Jessica Chastain, star of recent films like The Help and The Tree of Life, will be making her Broadway debut in The Heiress in November. The actress took on the role because she thinks of it as one of the greatest women roles ever written.
“I always look for a great arc,” she told The New York Times. “Men get great arcs all the time, especially in movies, but it’s very rare for a woman to get an arc. Catherine [her role in The Heiress] absolutely has that. She finds her voice, which is a wonderful thing to play.”

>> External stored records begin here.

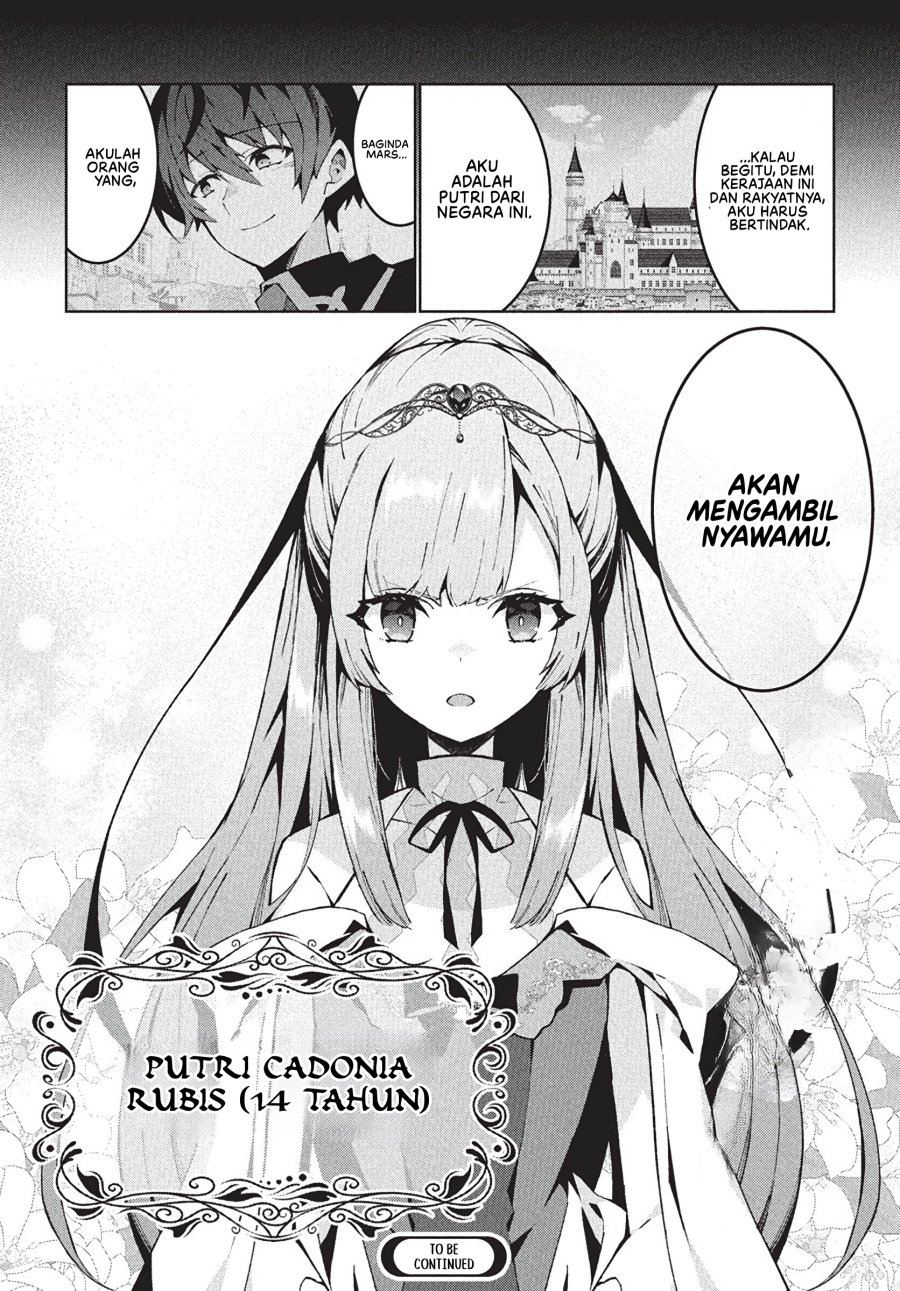 Monster no Niku wo Kutte Itara Oui no Tsuita Ken Chapter 08 Gambar 29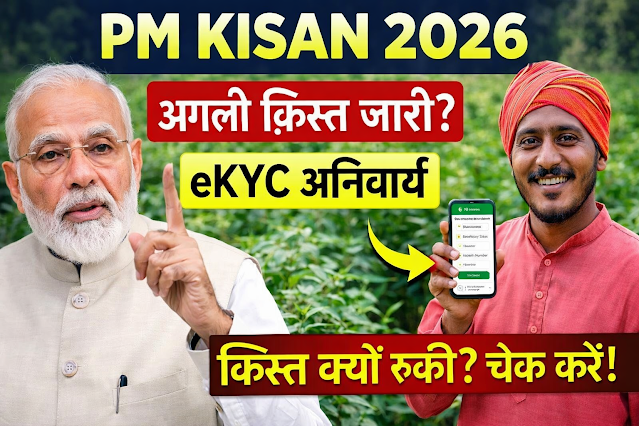 PM Kisan नया किस्त 2026 जारी। जानें पैसा आया या नहीं, स्टेटस चेक करने का तरीका, eKYC अपडेट और हेल्पलाइन जानकारी।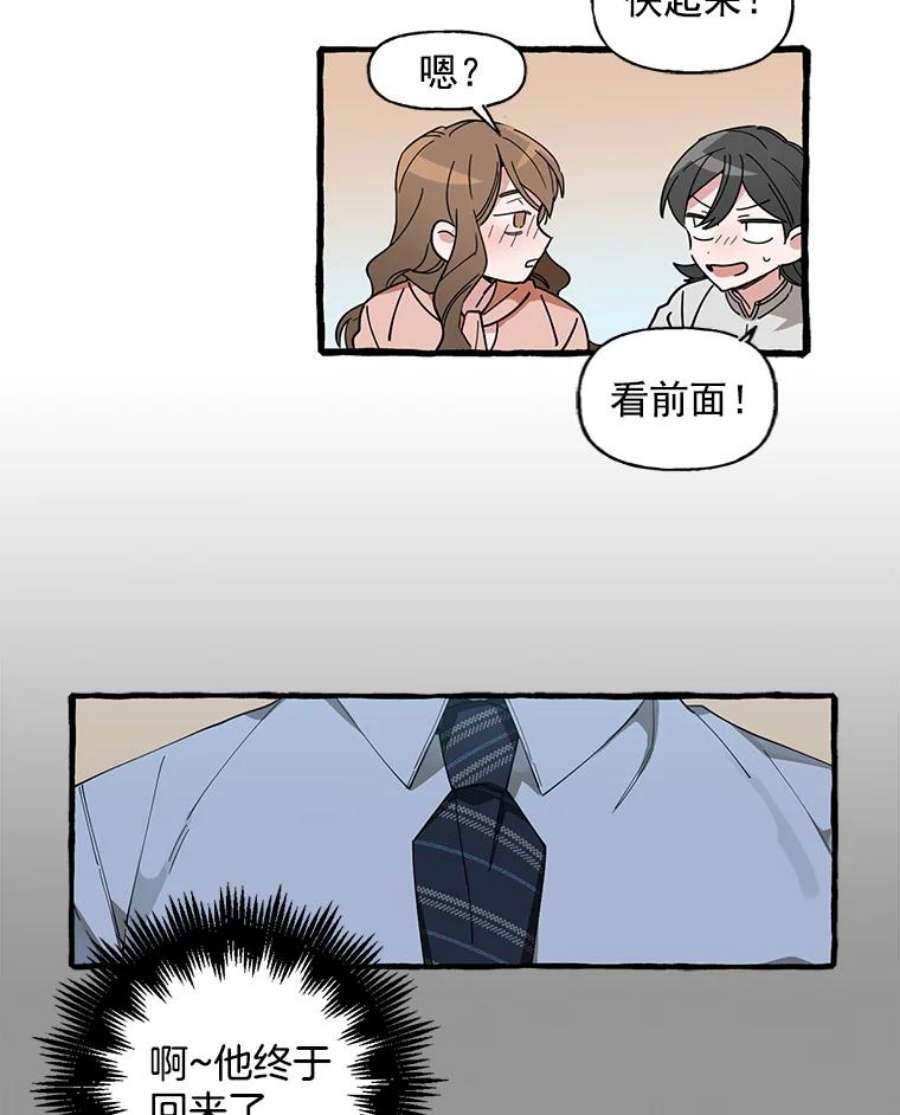 攻略毒舌上司4.你喜欢我吗？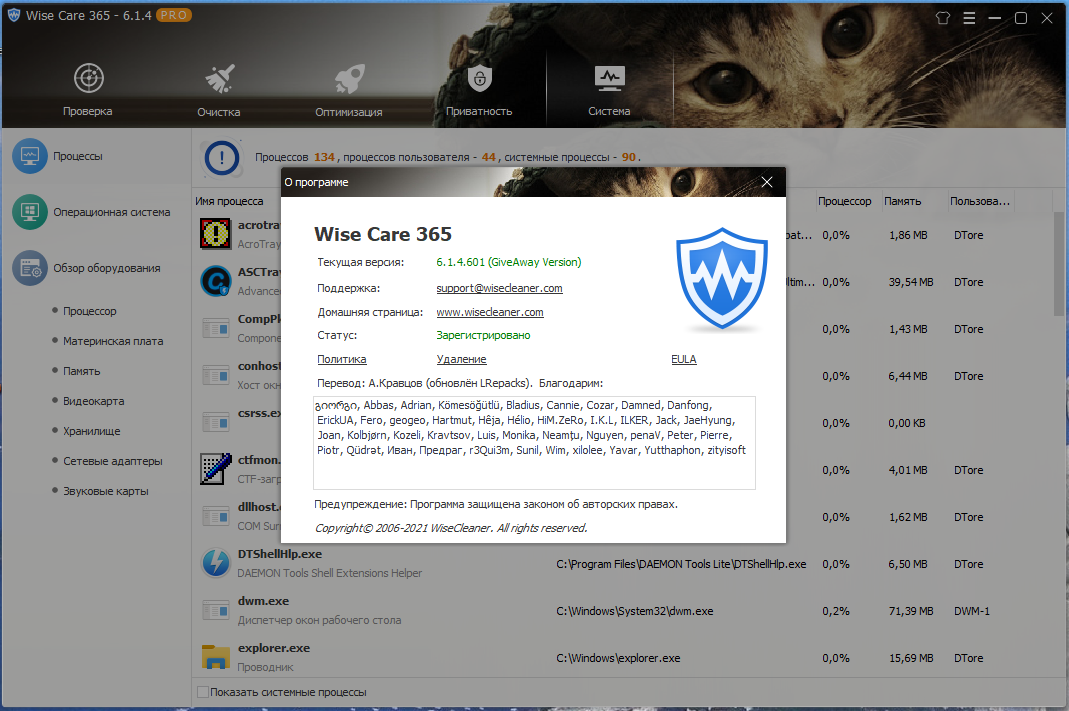 Wise Care 365 Pro 6.1.4.601 RePack (& Portable) by elchupacabra [Multi/Ru]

Chastain is more than aware of the challenges of switching from film acting to the stage. “I’m a little scared,” she admitted. “I worry that I’ll be thinking I’m doing something and people will say, ‘We can’t see your performance.’ It’s tough, acting. You have to walk two lines of a tightrope. There’s the all-consuming fear of failure: I’m about to fall flat on my face. There’s that and there’s also confidence—you have to be confident in order to try things—and they fight each other all the time.”
The actress shouldn’t be so worried—she received her training at Julliard. “I worried all the time about being cut,” Chastain said. “It was unfounded, because in my second year I actually got a scholarship. But I’m that way still. I always think I’m going to get fired. There was a bar here called Malachy’s, where everyone went to hang out, and I think I only went twice in four years. I’m just obsessive. I’d be doing my reading or watching movies. My whole life I wanted to be here, and so when I was, I wanted to suck up every bit of it.”
It is true Chastain dreamed of being an actress since childhood, after her grandmother took her to see a production of Joseph and the Amazing Technicolor Dreamcoat. “That’s when I realized that this was a profession,” she said. “It wasn’t like I wanted to be an actor. It was more like I am that. This is my job. It was so clear cut, I never had to make a choice.”
So, Chastain enrolled in Julliard’s drama program in 1999, and didn’t look back, although she struggled initially with the transition from a small town in Northern California to the big city life of New York. “It was hard,” she remembered. “I had never really spent any time in a city like this. But everything I was craving was here. I had never seen a foreign movie, and Lincoln Center was across the street. I was sitting in the cafeteria one day, and Baryshnikov was at my table. It was everything I had dreamed of since I was a little girl.”